[Start of Attachment]

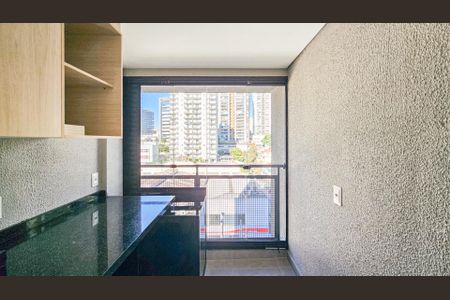 Sacada de apartamento para alugar com 2 quartos, 38m² em Centro, Osasco
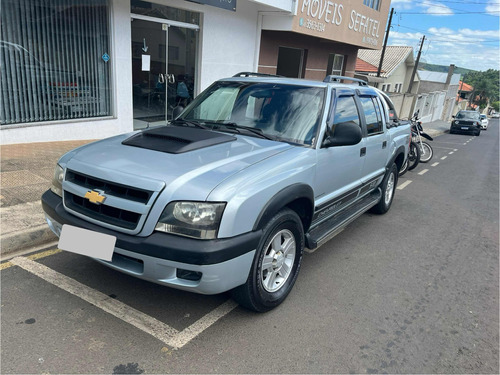 Chevrolet S10 2.8 Tornado Cab. Dupla 4x2 4p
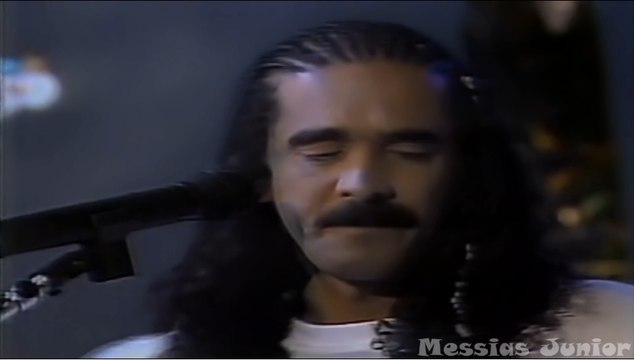 Moraes Moreira - Sintonia / TV Manchete 1988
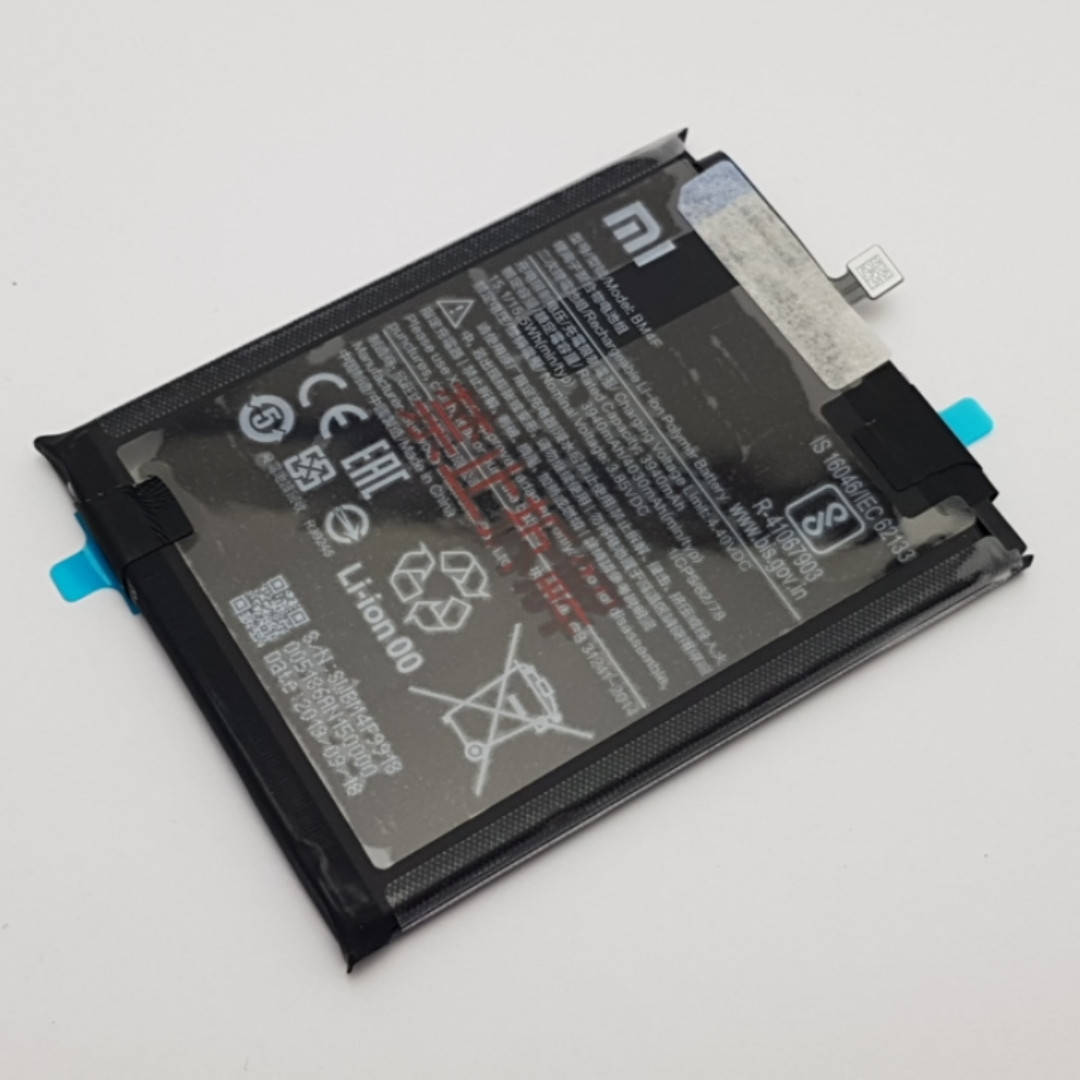 

Батарея BM4F Xiaomi Mi9 Lite, Mi A3 новая Сервисный оригинал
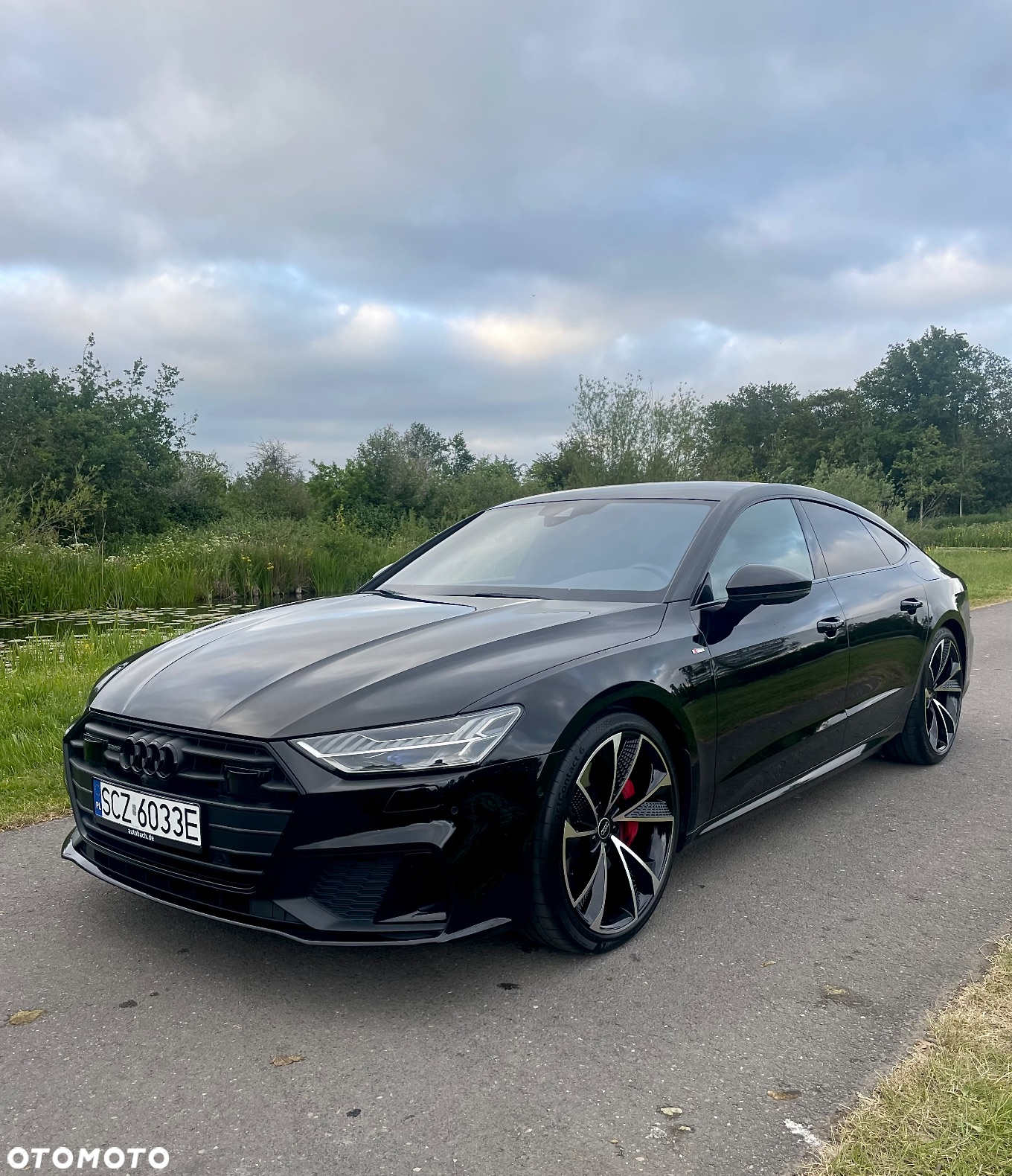 Audi A7 Sportback 55 TFSIe quattro S tronic - 2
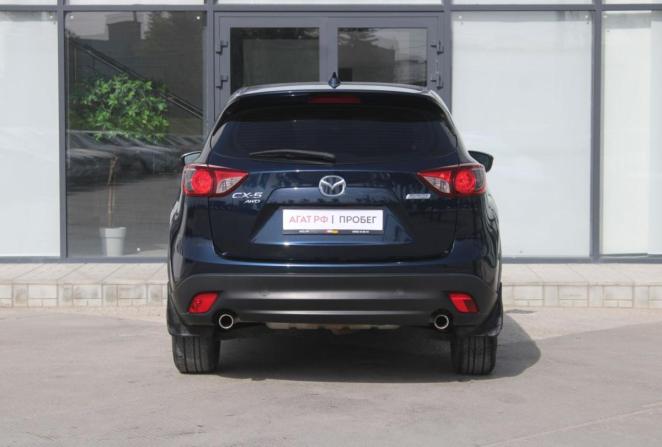 Mazda CX-5 I Рестайлинг с пробегом 2015 года, цена 1 850 000 рублей, 174134 км, внедорожник, Автокод Объявления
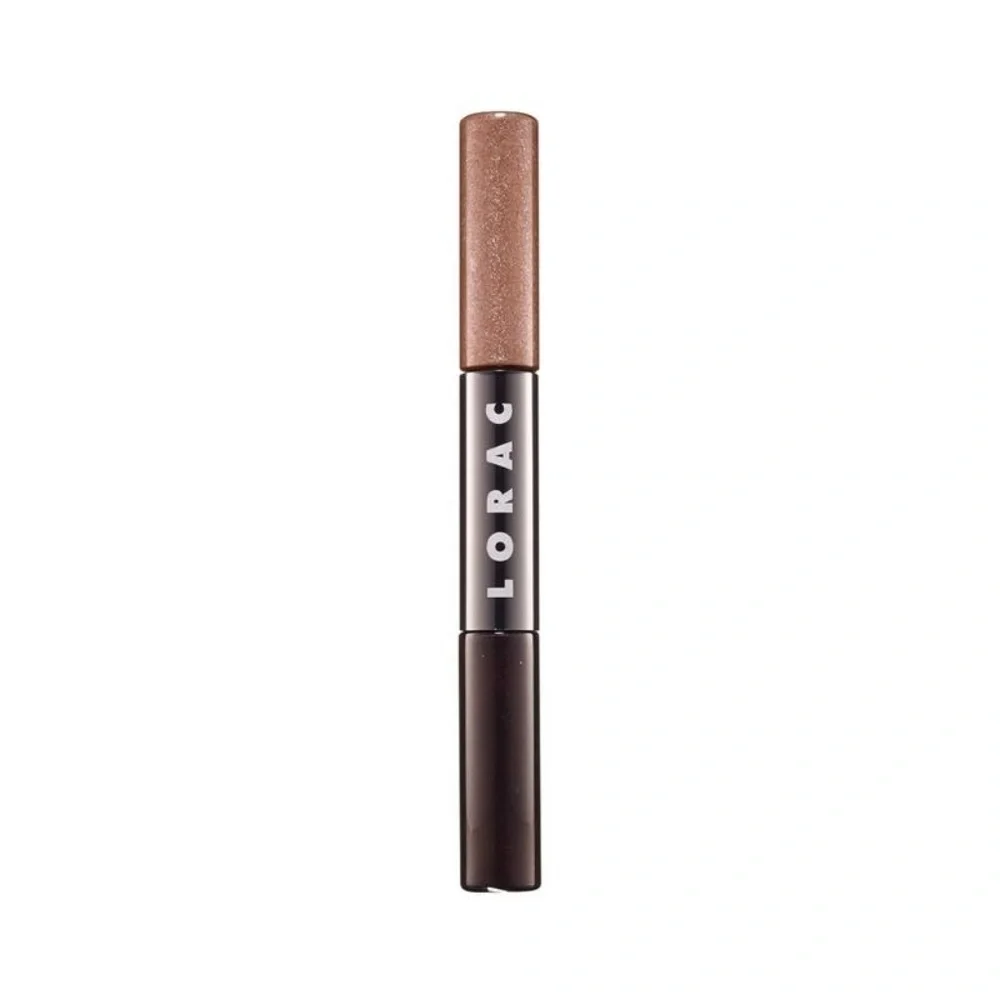 LORAC // 3D lustre liner copper/black cherry nib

[End of Attachment]

> YOUR TASK
The answer must consist solely of the lines from the one with "Батарея BM4F Xiaomi" through the final line of the data, each reproduced exactly and with pictures omitted.

> RESPONSE BELOW
Батарея BM4F Xiaomi Mi9 Lite, Mi A3 новая Сервисный оригинал
 Audi A7 Sportback 55 TFSIe quattro S tronic - 2
 Mazda CX-5 I Рестайлинг с пробегом 2015 года, цена 1 850 000 рублей, 174134 км, внедорожник, Автокод Объявления
 LORAC // 3D lustre liner copper/black cherry nib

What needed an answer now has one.